Optimizing with the ROM using finite differences

We can use a standard RB method to build a surrogate model for the FOM. As a result, the solution of the primal equation is no longer expensive and the optimization method can evaluate the objective functional quickly. For this, we define a standard CoerciveRBReductor and use the MinThetaParameterFunctional for an estimation of the coerciviy constant.

from pymor.algorithms.greedy import rb_greedy
from pymor.parameters.functionals import MinThetaParameterFunctional
from pymor.reductors.coercive import CoerciveRBReductor

coercivity_estimator = MinThetaParameterFunctional(fom.operator.coefficients, mu_bar)

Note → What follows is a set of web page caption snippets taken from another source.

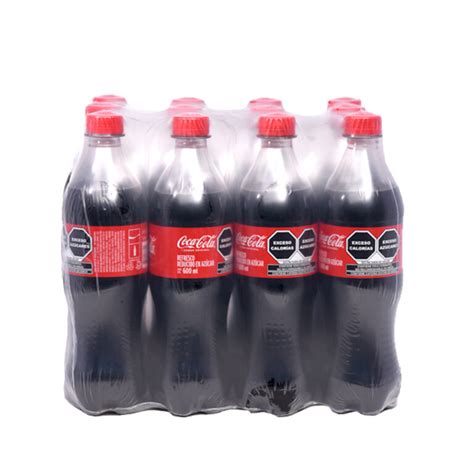 Coca Cola Ml Paquete De Pza Drinks Depot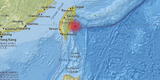 ¡En alerta! Taiwán registró 15 temblores de hasta 5,2 en menos de 50 minutos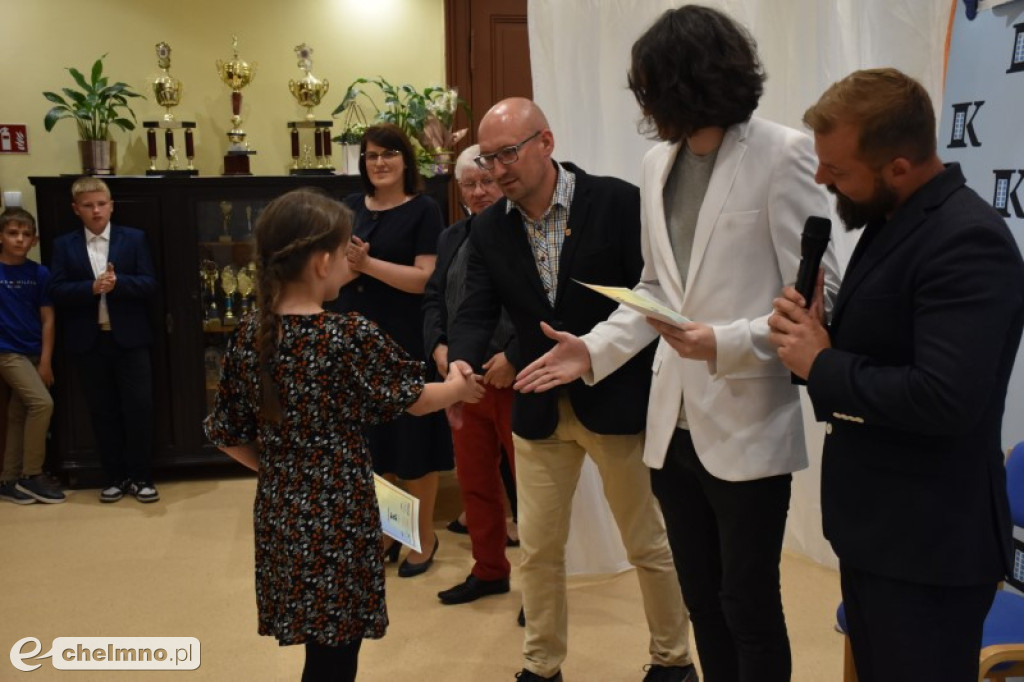 Uroczyście podsumowano rok kulturalny 2022/2023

The online efficiency of MOR methods most likely comes with a rather expensive offline phase. For PDE-constrained optimization, however, it is not meaningful to ignore the offline time of the surrogate model since it can happen that FOM optimization methods would already converge before the surrogate model is even ready. Thus, RB optimization methods (at least for only one configuration) aims for overall efficiency which includes offline and online time. Of course, this effect aggravates if the parameter space is high dimensional because the offline phase can increase even more.

In order to decrease the offline time we guess that we may not require a perfect surrogate model in the sense that a low error tolerance for the rb_greedy already suffices to converge to the same minimum. In our case we choose atol=1e-2 and yield a very low dimensional space. In general, however, it is not a priori clear how to choose atol in order to arrive at a minimum which is close enough to the true optimum.

training_set = parameter_space.sample_uniformly(25)

RB_reductor = CoerciveRBReductor(fom, product=fom.energy_product, coercivity_estimator=coercivity_estimator)

RB_greedy_data = rb_greedy(fom, RB_reductor, training_set, atol=1e-2)

num_RB_greedy_extensions = RB_greedy_data['extensions']
RB_greedy_mus, RB_greedy_errors = RB_greedy_data['max_err_mus'], RB_greedy_data['max_errs']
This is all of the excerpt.